Il 22 marzo a Milano la prima mostra alla Galleria Monica De Cardenas di Milano

Written by Lucia Tozzi il 22 March 2017
Aggiornato il 26 March 2017

Foto di Andrea Nelli

Place of birth

Roma

Place of residence

Torino

Attività

Artista

Tra gli appassionati al lavoro di Rä di Martino c’è chi associa il suo nome a paesaggi desertici e rovine moderne, e chi invece impazzisce soprattutto per i ventriloqui che popolano i suoi film e video, che interpretano in contesti stranianti spezzoni di dialoghi di antichi cult, o assurdi blateramenti di persone comuni. La sua è la storia fortunata di una persona che ha incontrato delle persone intelligenti al momento giusto: negli anni della formazione a Londra, dove era andata convinta di fare cinema, trovò qualcuno che la distolse da una passione che non le si attanagliava, dirottandola sull’arte. E così, invece di passare anni noioserrimi ad ammazzarsi di campi e controcampi, Rä ha usato il cinema come un punching ball, giocando sui resti dei set, sui frammenti di dialogo, sugli attrezzi costruiti dai tecnici delle luci, su tutti i dispositivi metafilmici su cui le è capitato di focalizzare l’attenzione. L’ultimo progetto è un remake, o meglio una reinterpretazione labirintica, del celebre film, The Swimmer, con un Burt Lancaster in costume che attraversava Los Angeles passando dalle piscine di amici e conoscenti. Da questa idea è scaturito un film ambientato a Marrakech con Filippo Timi e Valeria Golino, La controfigura, che uscirà in autunno, un libro Humboldt Books, e ora una mostra che inaugura un nuovo rapporto con la galleria Monica De Cardenas a Milano, The Day He Swims thru Marrakech.

The Swimmer #5, 2017 archival pigment print on barytha paper image cm 16 x 29,5, cm 21,5 x 34,5 framed
The Swimmer #5, 2017 archival pigment print on barytha paper image cm 16 x 29,5, cm 21,5 x 34,5 framed

ZERO: Rä, tu vivi sempre a Torino?
Rä di Martino: si, sto a Torino perché il mio fidanzato è di lì. Viviamo tra la città e la campagna. E poi sono sempre in giro per lavoro.

Ti piace vivere a Torino?
Abbastanza. È una città molto piccola, dove non avvengono molte cose, è tutto tranquillo. Non è come Milano che è sempre viva, o alcune città giganti a cui sono abituata.

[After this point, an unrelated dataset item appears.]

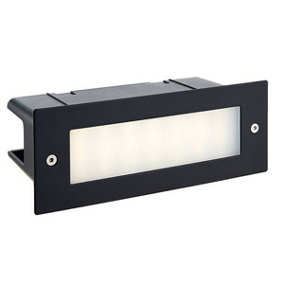 Luminosa Seina Integrated LED Outdoor Recessed Wall Light Textured Black, Frosted IP44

No More Stars (Star Wars) #10, 2010 archival pigment print on barytha paper cm 30 x 30 ed. 2 of 5
No More Stars (Star Wars) #10, 2010 archival pigment print on barytha paper cm 30 x 30 ed. 2 of 5

Quando dici che sei sempre in viaggio intendi dire per mostre oppure parli della produzione dei film, quasi tutti girati in Nordafrica?
Per entrambi i motivi. I progetti sì, li faccio sempre fuori. Gli ultimi sono stati in Marocco, subito prima uno in Tunisia. E ora che ho fatto questo film lungo, le persone che hanno seguito la produzione sono tutte a Roma, quindi vado spesso lì. Insomma è un misto di luoghi. E col Marocco ora sono in pausa, l’ultima volta sono stata lo scorso giugno 2016.

Tra l’altro non è semplice girare un film in Marocco. Ti fanno storie per una macchina fotografica, quindi per te non sarà stato per niente semplice. Hai avuto bisogno di tanti permessi?
Non hai idea: ti fermano ogni minuto. Noi avevamo il permesso per girare, ma ci fermavano per farci domande, chiedere i permessi, cambiare angoli di strada. Allunga il processo e ti butta un po’ giù.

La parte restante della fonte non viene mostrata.